=== AIM OF THE EXERCISE ===
Task for the records below: copy exactly, and only, the line containing "Clients with accounts" and every line after it to the end, with pictures left out.

=== Image-caption web data ===
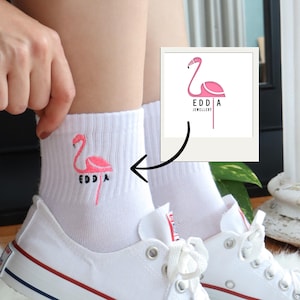 Könnte beinhalten: Weiße Knöchelsocken mit einem gestickten Design eines rosa Flamingos und dem Text "EDDA". Die Socken werden mit weißen Leinenschuhen mit roten und blauen Akzenten getragen.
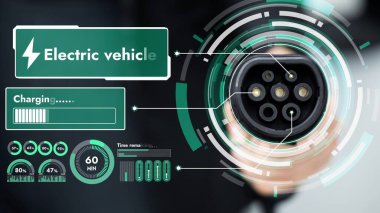 Kameranın önündeki EV şarj aletine odaklan. Görünmez iş adamı geçmişine sahip akıllı dijital batarya durum hologramını göster. Alternatif temiz enerji kullanan EV araba şarjı CO2 salınımını azaltıyor. İnceleyin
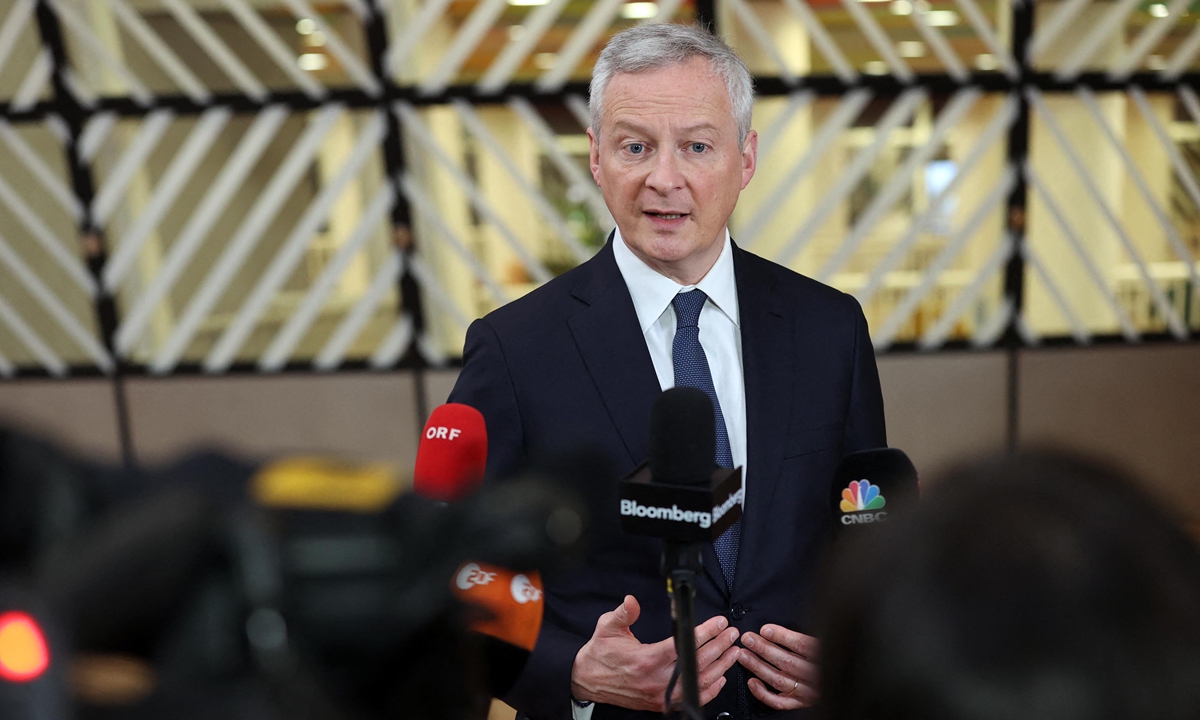 Bruno Le Maire, French Minister of Economy and Finance, talks to press before the Economic and Financial Affairs Council (ECOFIN) meeting in Brussels, Belgium on March 15, 2022. Ministers are scheduled to discuss the economic and financial consequences of the sanctions imposed on Russia over Ukraine crisis. Photo: AFP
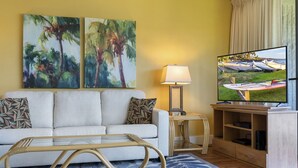 A living room with a sofa, a TV, and two paintings on the wall. - Maui Sunset Vacation Rentals- B318 (Kihei)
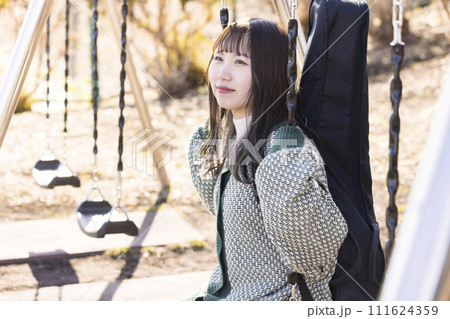 公園のブランコに座って景色を眺めるギターを背負った女性 公園のブランコに座って景色を眺めるギターを背負った女性 111624359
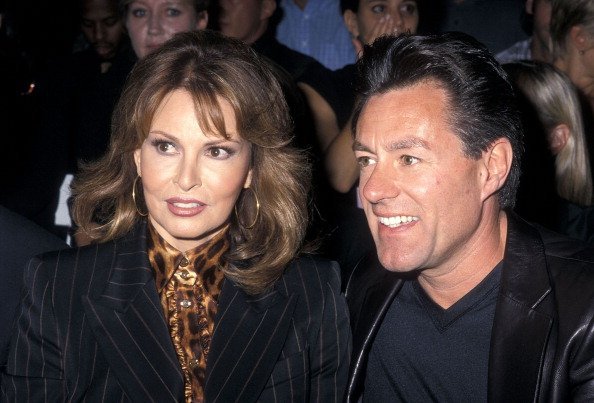  Raquel Welch and husband Richard Palmer at the Spring Fashion Week: Escada Fashion Show on September 12, 2000 | Photo: Getty Images
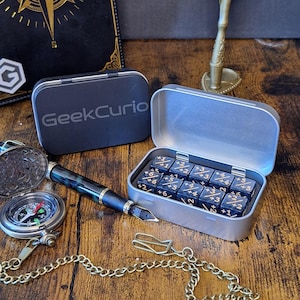 Könnte beinhalten: Ein Set aus zehn dunkelblau marmorierten Würfeln mit goldfarbenen Zahlenmarkierungen, untergebracht in einer rechteckigen silbernen Metalldose mit dem aufgedruckten Text GeekCurio auf dem Deckel. Die Würfel zeigen verschiedene Symbole.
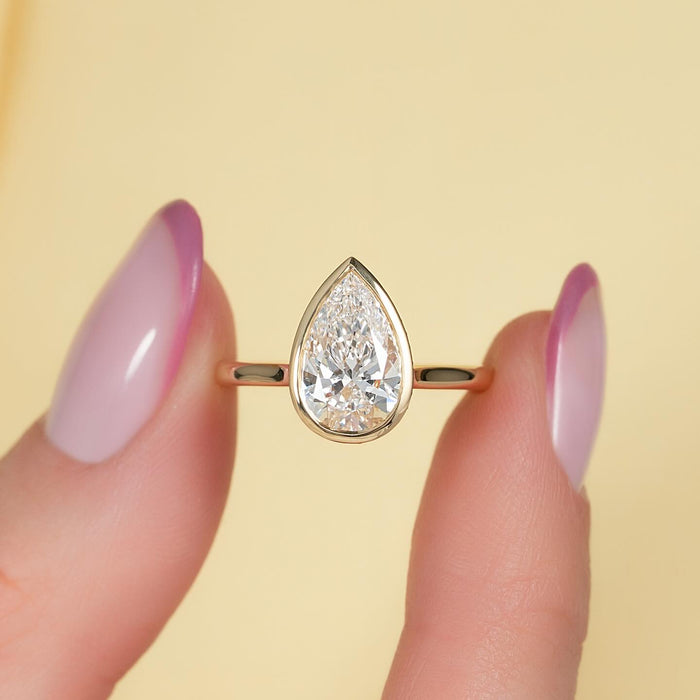 Pear cut lab grown diamond full bezel solitaire ring in yellow gold, front view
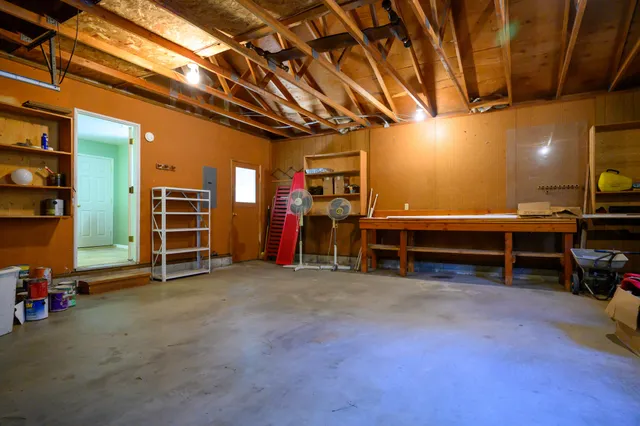a view of a room with furniture and a garage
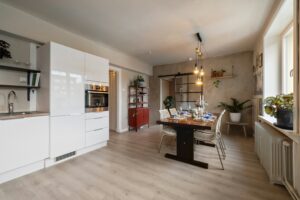 Open concept remodel showing a modern kitchen with sleek white cabinets flowing into a warm dining area with a wooden table, hanging lights, and laminate flooring.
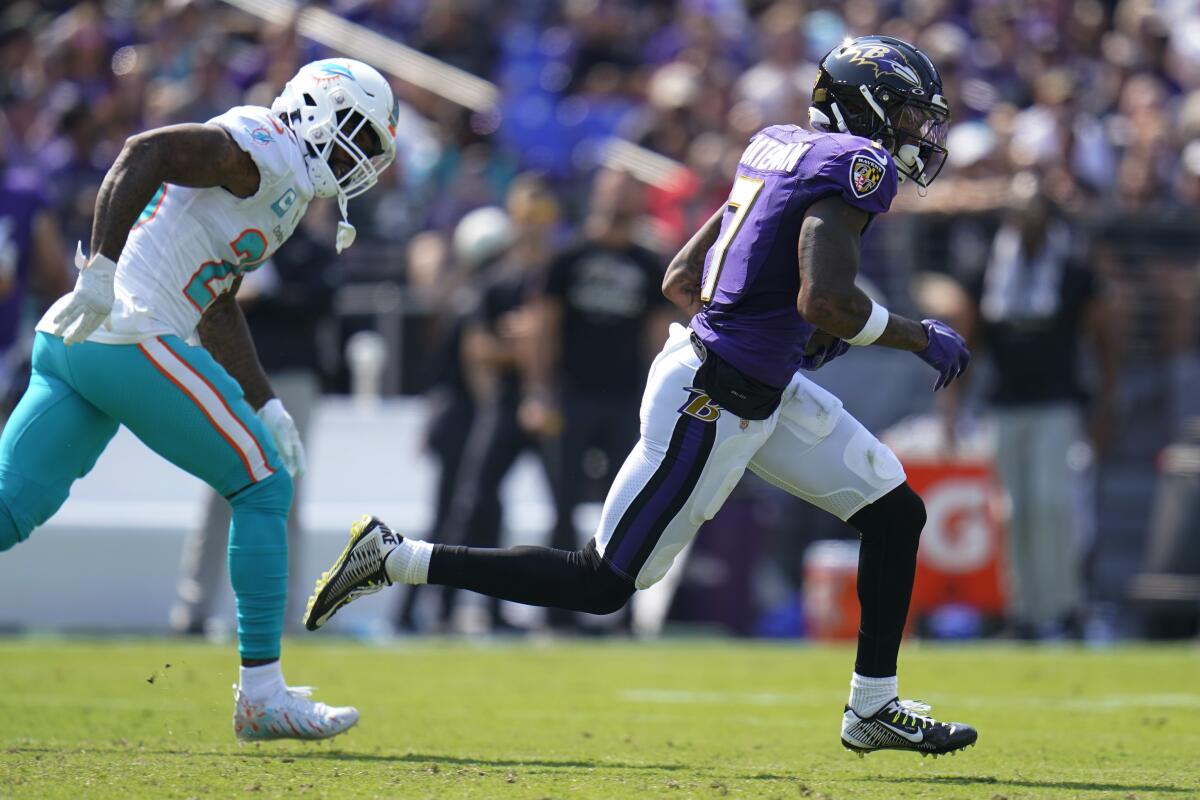 Baltimore Ravens wide receiver Rashod Bateman (7) runs for a touchdown during the first half of an NFL football game against the Miami Dolphins, Sunday, Sept. 18, 2022, in Baltimore. (AP Photo/Julio Cortez)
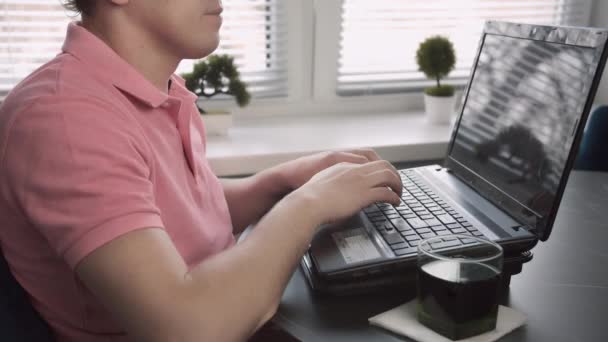 Freelancer sentado en la mesa y escribiendo texto en el portátil, fondo de ventana, oficina en casa, seguimiento de la cámara — Vídeos de Stock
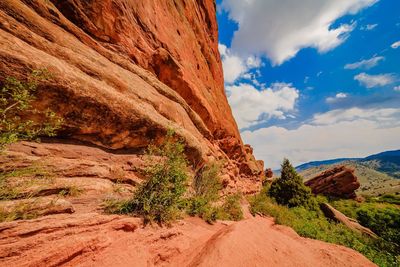 Scenic view of mountain against cloudy sky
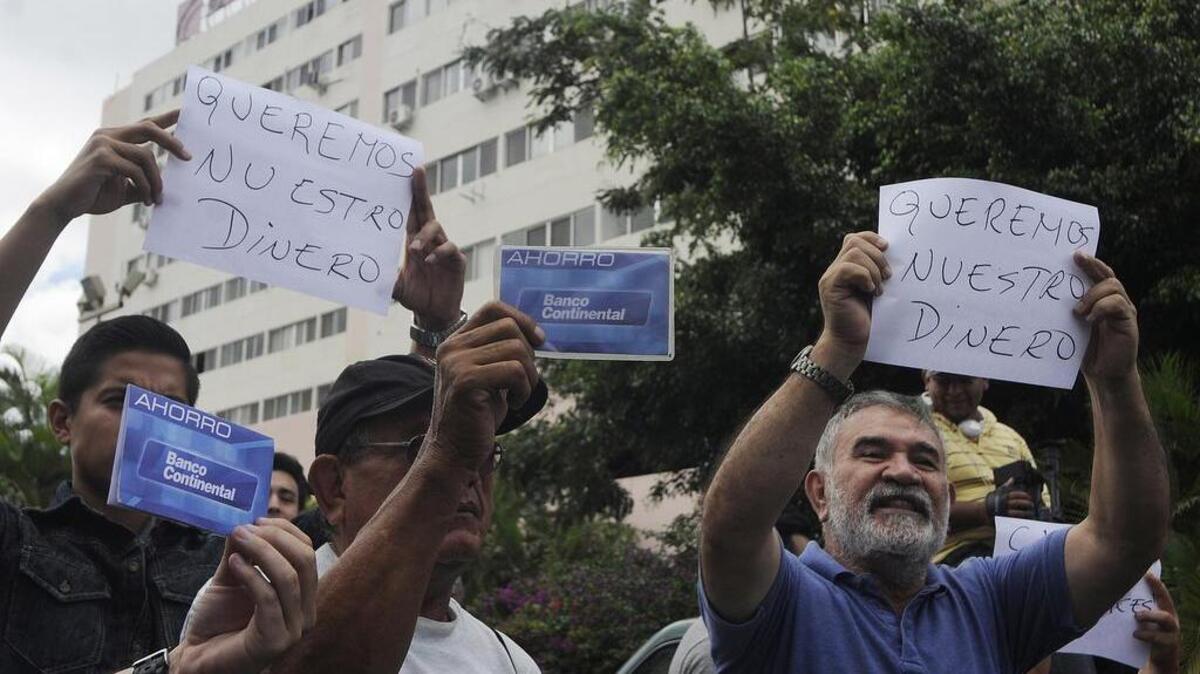 
Clients with accounts in the Banco Continental hold up signs saying “We want our money” as they protest outside of a bank branch in Tegucigalpa, Honduras, Monday, Oct. 12, 2015. 
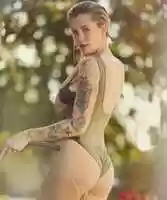 Free download Ireland Baldwin wearing green clothes free photo or picture to be edited with GIMP online image editor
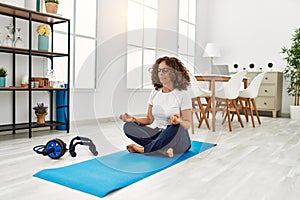 Mature hispanic woman doing yoga meditation at the living room at home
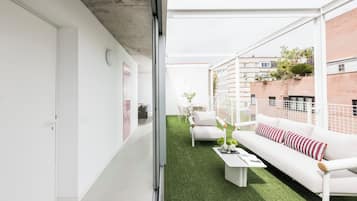 Un apartamento moderno con interior blanco, piso de césped artificial verde, sofá blanco con almohadones a rayas y una mesa de centro blanca.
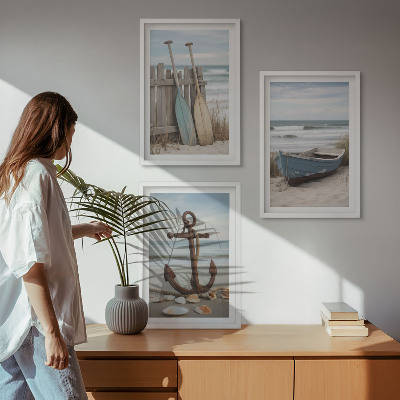 Tavelset ovanför soffa strand båt ankare sand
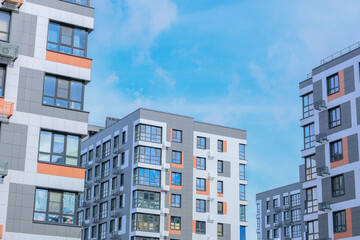 The concept of modern architecture, residential complex, apartment buildings for living. Multi-storey, apartment buildings of the residential complex in a single architecture in gray and white tones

=== RESPONSE TO THIS EXERCISE ===
Clients with accounts in the Banco Continental hold up signs saying “We want our money” as they protest outside of a bank branch in Tegucigalpa, Honduras, Monday, Oct. 12, 2015. 
 Free download Ireland Baldwin wearing green clothes free photo or picture to be edited with GIMP online image editor
 Mature hispanic woman doing yoga meditation at the living room at home
 Un apartamento moderno con interior blanco, piso de césped artificial verde, sofá blanco con almohadones a rayas y una mesa de centro blanca.
 Tavelset ovanför soffa strand båt ankare sand
 The concept of modern architecture, residential complex, apartment buildings for living. Multi-storey, apartment buildings of the residential complex in a single architecture in gray and white tones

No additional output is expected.